27.18 Functoriality of relative Proj
This section is the analogue of Section 27.11 for the relative Proj. Let $S$ be a scheme. A graded $\mathcal{O}_ S$-algebra map $\psi : \mathcal{A} \to \mathcal{B}$ does not always give rise to a morphism of associated relative Proj. The correct result is stated as follows.

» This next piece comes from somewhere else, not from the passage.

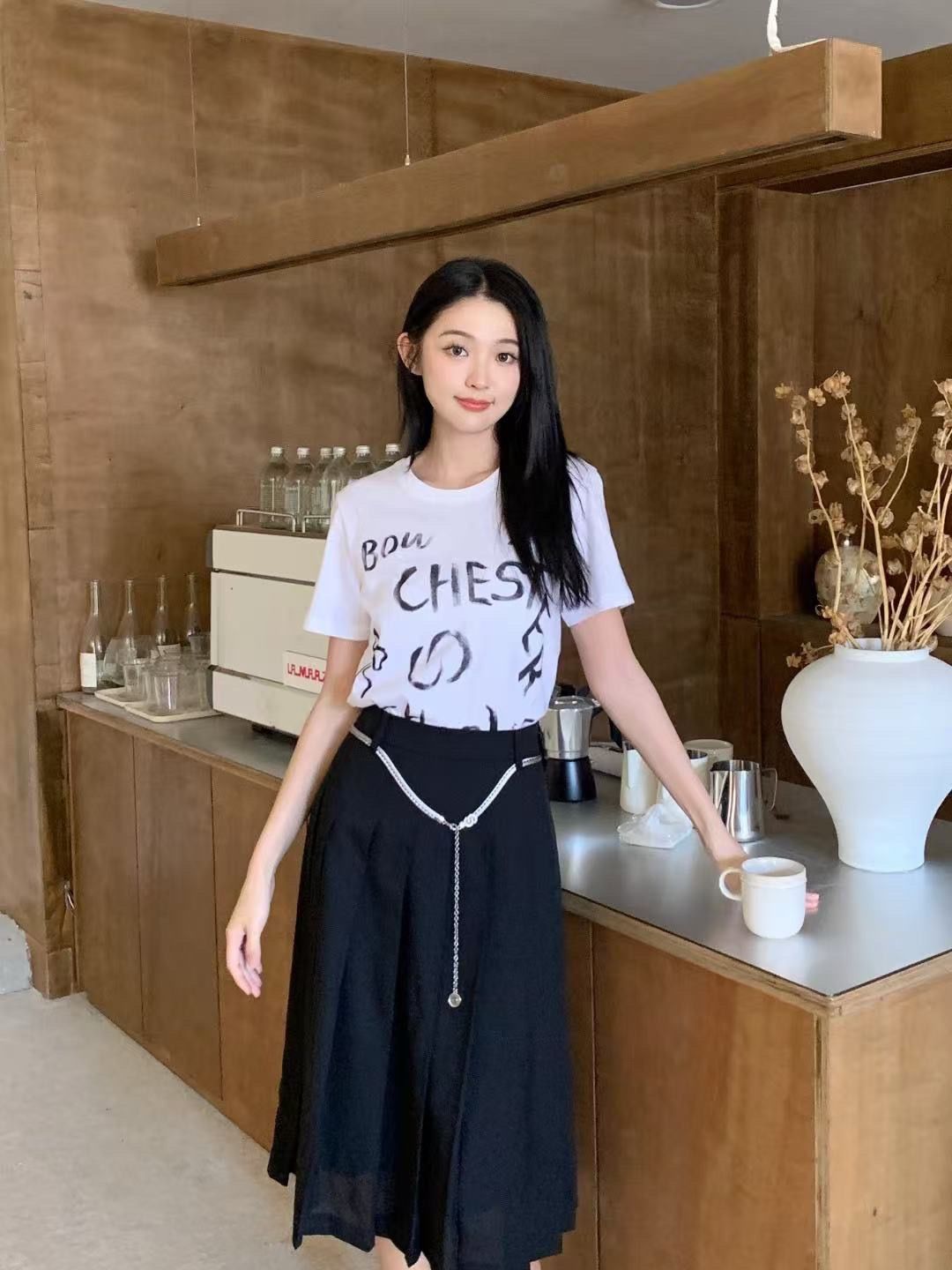  Áo phông trắng - hoạ tiết chữ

Lemma 27.18.1. Let $S$ be a scheme. Let $\mathcal{A}$, $\mathcal{B}$ be two graded quasi-coherent $\mathcal{O}_ S$-algebras. Set $p : X = \underline{\text{Proj}}_ S(\mathcal{A}) \to S$ and $q : Y = \underline{\text{Proj}}_ S(\mathcal{B}) \to S$. Let $\psi : \mathcal{A} \to \mathcal{B}$ be a homomorphism of graded $\mathcal{O}_ S$-algebras. There is a canonical open $U(\psi ) \subset Y$ and a canonical morphism of schemes
\[ r_\psi : U(\psi ) \longrightarrow X \]
over $S$ and a map of $\mathbf{Z}$-graded $\mathcal{O}_{U(\psi )}$-algebras
\[ \theta = \theta _\psi : r_\psi ^*\left( \bigoplus \nolimits _{d \in \mathbf{Z}} \mathcal{O}_ X(d) \right) \longrightarrow \bigoplus \nolimits _{d \in \mathbf{Z}} \mathcal{O}_{U(\psi )}(d). \]
The triple $(U(\psi ), r_\psi , \theta )$ is characterized by the property that for any affine open $W \subset S$ the triple
\[ (U(\psi ) \cap p^{-1}W,\quad r_\psi |_{U(\psi ) \cap p^{-1}W} : U(\psi ) \cap p^{-1}W \to q^{-1}W,\quad \theta |_{U(\psi ) \cap p^{-1}W}) \]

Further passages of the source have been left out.